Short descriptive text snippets
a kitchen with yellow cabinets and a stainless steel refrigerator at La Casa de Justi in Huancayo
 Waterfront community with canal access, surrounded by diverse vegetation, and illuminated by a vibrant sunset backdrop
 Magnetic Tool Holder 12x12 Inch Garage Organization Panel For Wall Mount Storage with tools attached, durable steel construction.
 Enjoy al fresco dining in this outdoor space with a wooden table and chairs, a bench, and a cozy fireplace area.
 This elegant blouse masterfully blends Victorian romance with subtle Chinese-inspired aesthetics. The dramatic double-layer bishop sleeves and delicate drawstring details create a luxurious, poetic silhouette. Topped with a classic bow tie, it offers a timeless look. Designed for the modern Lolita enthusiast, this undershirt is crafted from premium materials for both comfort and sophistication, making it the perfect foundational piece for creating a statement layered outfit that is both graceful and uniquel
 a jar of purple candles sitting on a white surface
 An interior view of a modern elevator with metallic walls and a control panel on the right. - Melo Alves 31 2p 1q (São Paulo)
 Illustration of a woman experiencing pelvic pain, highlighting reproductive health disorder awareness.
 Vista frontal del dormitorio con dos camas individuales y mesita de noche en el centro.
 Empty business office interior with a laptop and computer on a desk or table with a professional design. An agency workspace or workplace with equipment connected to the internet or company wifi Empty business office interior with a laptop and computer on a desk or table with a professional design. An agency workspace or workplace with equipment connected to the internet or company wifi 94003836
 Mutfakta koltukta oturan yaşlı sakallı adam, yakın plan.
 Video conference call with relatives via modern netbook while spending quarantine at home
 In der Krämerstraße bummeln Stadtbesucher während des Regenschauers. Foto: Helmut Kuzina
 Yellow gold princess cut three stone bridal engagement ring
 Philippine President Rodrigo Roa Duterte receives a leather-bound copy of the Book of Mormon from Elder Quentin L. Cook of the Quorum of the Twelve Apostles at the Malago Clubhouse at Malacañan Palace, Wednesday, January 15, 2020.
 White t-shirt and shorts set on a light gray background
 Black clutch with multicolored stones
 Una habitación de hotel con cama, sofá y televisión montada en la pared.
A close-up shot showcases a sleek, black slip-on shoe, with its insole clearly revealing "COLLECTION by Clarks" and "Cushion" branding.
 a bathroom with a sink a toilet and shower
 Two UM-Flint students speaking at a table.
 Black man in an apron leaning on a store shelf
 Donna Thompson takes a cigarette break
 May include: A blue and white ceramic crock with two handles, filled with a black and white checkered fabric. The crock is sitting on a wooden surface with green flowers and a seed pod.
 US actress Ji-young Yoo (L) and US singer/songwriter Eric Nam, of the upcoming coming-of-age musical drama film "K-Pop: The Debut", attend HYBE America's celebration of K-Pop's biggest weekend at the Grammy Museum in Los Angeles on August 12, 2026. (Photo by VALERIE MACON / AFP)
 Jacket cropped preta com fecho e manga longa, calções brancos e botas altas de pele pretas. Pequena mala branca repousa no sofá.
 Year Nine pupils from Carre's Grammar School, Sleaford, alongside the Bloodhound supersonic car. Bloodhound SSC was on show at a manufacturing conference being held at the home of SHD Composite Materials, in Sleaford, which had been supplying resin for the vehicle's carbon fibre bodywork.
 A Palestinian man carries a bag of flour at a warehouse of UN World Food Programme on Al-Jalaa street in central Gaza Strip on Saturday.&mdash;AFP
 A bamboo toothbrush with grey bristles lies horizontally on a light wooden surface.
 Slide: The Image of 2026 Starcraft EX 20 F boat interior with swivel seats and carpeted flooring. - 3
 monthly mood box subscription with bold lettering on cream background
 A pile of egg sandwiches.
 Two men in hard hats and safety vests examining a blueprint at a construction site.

**WORK ITEM**
In the data above, how many lines carry the string "interior"? Only the number should be given.

**RESPONSE**
3